Is anyone paying attention? Just because a company has a massive user base, big popularity, and lots of VCs, doesn't mean it has a great business model.

Sure,you can buy shares, watch them triple in the first 24 and dump them, but when the dust settles, what really happens?

Groupon is trading at $20.04. It IPO'd at $20. Zynga is trading at $10.05. It IPO'd at $10.

Good for the VC's, finally getting a return on their money and all, but it doesn't seem that the companies are really doing much to deserve the hype.

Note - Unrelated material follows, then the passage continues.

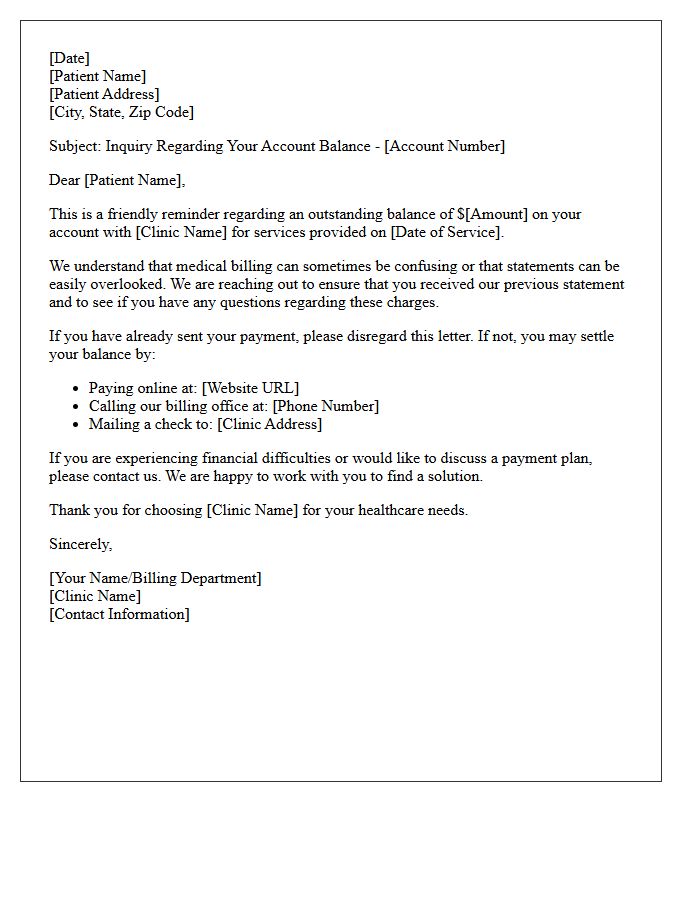 Gentle Inquiry Letter for Unsettled Clinic Balance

Facebook is presumably making money, and has a crap-load of user-data, but 100 Billion dollar valuation? Maybe based on what people are willing to pay for it, in the hype to get some of it's stock, but its revenues were 2.5 Billion last year. A valuation that's 50x their revenues seems a little steep to me - but again, that could just be me.

2 comments

If that scares you look at sales force 5500 p/e and a 15B valuation. For SaaS software.

Insanity.

(Disclaimer, I have a vested interest in this stock going down.)

I had never looked at sales forces' P/E before. It's at 7700 right now. Insanity.
It is a daft valuation - for $100bn you could buy the big three quoted supermarkets in the UK (Sainsbury's, Tesco and Morrisons) and control 50% of a market whose main product (food) is a necessity. Or you could do the same in retail banking, again a necessity in the modern world.